He knew he couldn't tell Bruce everything. He couldn't tell him that he no longer wanted to be the leader, to be like Batman. He couldn't bring himself to say it, but at the same time, he knew he wanted – needed – some sort of comfort from the man he had come to love like a father.

"I don't even remember feeling relieved when I woke up because all I could think about was how it could've happened. How… how I could've lost everything and everyone I cared about again." He tried not to, but his eyes couldn't help but landing on the man that stared down at him. "How I could've lost you."

Bruce was never one to show what he was really feeling. His face stayed blank, but the sudden ache in his heart was not ignored. He knew that he wasn't the father type. He was a mentor to his sidekick, a guardian to his ward, and he tried to be a positive figure whenever he could, but father was not on that list.

He cared for Richard more than he had initially intended. The messy black hair and those bright blue puppy-dog eyes had silently won him over the first few months they had spent together, and even as the boy grew older, there was a soft spot in his unreachable heart for the young Dick Grayson. Bruce had never thought of himself as a father, but he hadn't realized until that moment how often he subconsciously thought of the boy as a son.

Dick felt so stupid saying these things out loud. Bruce – Batman – didn't do feelings. He knew that the man cared for him and he was grateful for that, but they never really had time to bond the way Richard wanted. They had done quite a few things when he had been first adopted at the age of 9, and the following two years seemed almost the same, but now he was older – a real teenager – and Bruce wasn't as aware of what he needed to do. Dick didn't bother him about watching some stupid cartoon movie on the big screen when he had time off from work. He no longer snuck into his bed at night because he felt scared or lonely. He stopped talking to Bruce about his parents or what he wanted to be when he grew up or what new toy he thought was cool, unaware that he would actually receive it only a few days later. Dick was becoming more and more of a mystery, and now Bruce was starting to understand how Alfred felt all those years ago.

It didn't matter that Richard was thirteen, though; he was still young and vulnerable, and it was starting to click that now was probably the start of the most important years for his Boy Wonder. Now was when he really needed a father.

"I know I should just forget about it," Dick whispered, seemingly unaware of the sudden battle going on inside his guardian's mind and heart. "It's stupid to feel this terrible over something that didn't really happen –"

"No, Richard," Bruce interrupted firmly, catching him off guard. "You have every right to have feelings about the situation we put you in. I'm sorry that it tore open old wounds."

Dick understood what he meant. Telling Bruce that he was afraid of losing everyone again made it so obvious. No matter how many years passed, no one could ever forget the night they lost what was most important to them. They both knew that too well.

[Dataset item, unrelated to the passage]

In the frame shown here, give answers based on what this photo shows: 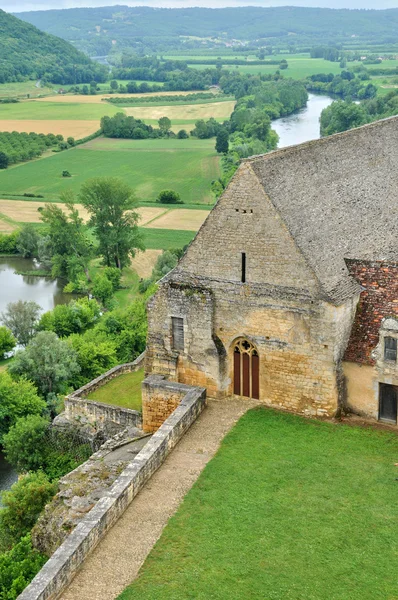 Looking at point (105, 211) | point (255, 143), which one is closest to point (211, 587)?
point (105, 211)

Bruce was never one for acting on impulse, but he felt that this sudden urge was a fairly good one. He took one last step closer and kneeled down, becoming lower than the boy that sat on the bed. When he used to do this Bruce had always still been inches taller than Richard, but for once, with Dick on the bed, he was able to look down at Bruce. It was an odd thought, but he seemed more human this way.

"Healing is a slow process to start with, but the situation makes all the difference. I know what it's like to bottle up feelings until you want to explode. I've learned to control myself until I'm able to push such thoughts away, but you're young and no matter what, it isn't healthy. There are always people you can talk to, Richard. Your teammates, Black Canary, Alfred, even Red Tornado." There was a twitch of amusement on both of their lips, one dry and one sullen. "And then, there's me."

Dick's look of apprehension only furthered his guilt. This time, Bruce's sigh was audible.

"Dick." His hand sat gently on top of the boy's small knee. "You need to remember that you aren't me. The way I conduct myself may seem cold –"

"Sometimes I wonder if Tornado's heart is more human than yours," Dick offered lowly.

Bruce's usually blank expression softened. "It may appear that way, but I do care. I know that's partially why you've been unable to clear your head this week."

Dick wasn't exactly surprised that Bruce knew how he felt; after all, he was the world's greatest detective. However, he couldn't help feeling a tad bit annoyed.

"If you knew, why didn't you try to talk to me? Why the feigned ignorance?"

"Trying to force your feelings out would do neither of us any good," Bruce answered easily. Then he paused for a moment, something that resembled hesitance swirling in his dark eyes. "I guess I should've informed you sooner that I'm always here to listen. I assumed you knew."

Dick laughed a little, surprising himself by how good it actually felt. Bruce even produced a teensy smile.

It was silent for a few moments afterward. Bruce kept his hand on Richard's knee, deciding that the comfort it was giving the boy outweighed the awkwardness he felt from his position. He didn't' want to force Dick to say anything, but he knew that he was far from finished. So, he waited in silence, watching his face change back into its sullen state. It was unusual to see him like this. Bruce never wanted to see him so down again.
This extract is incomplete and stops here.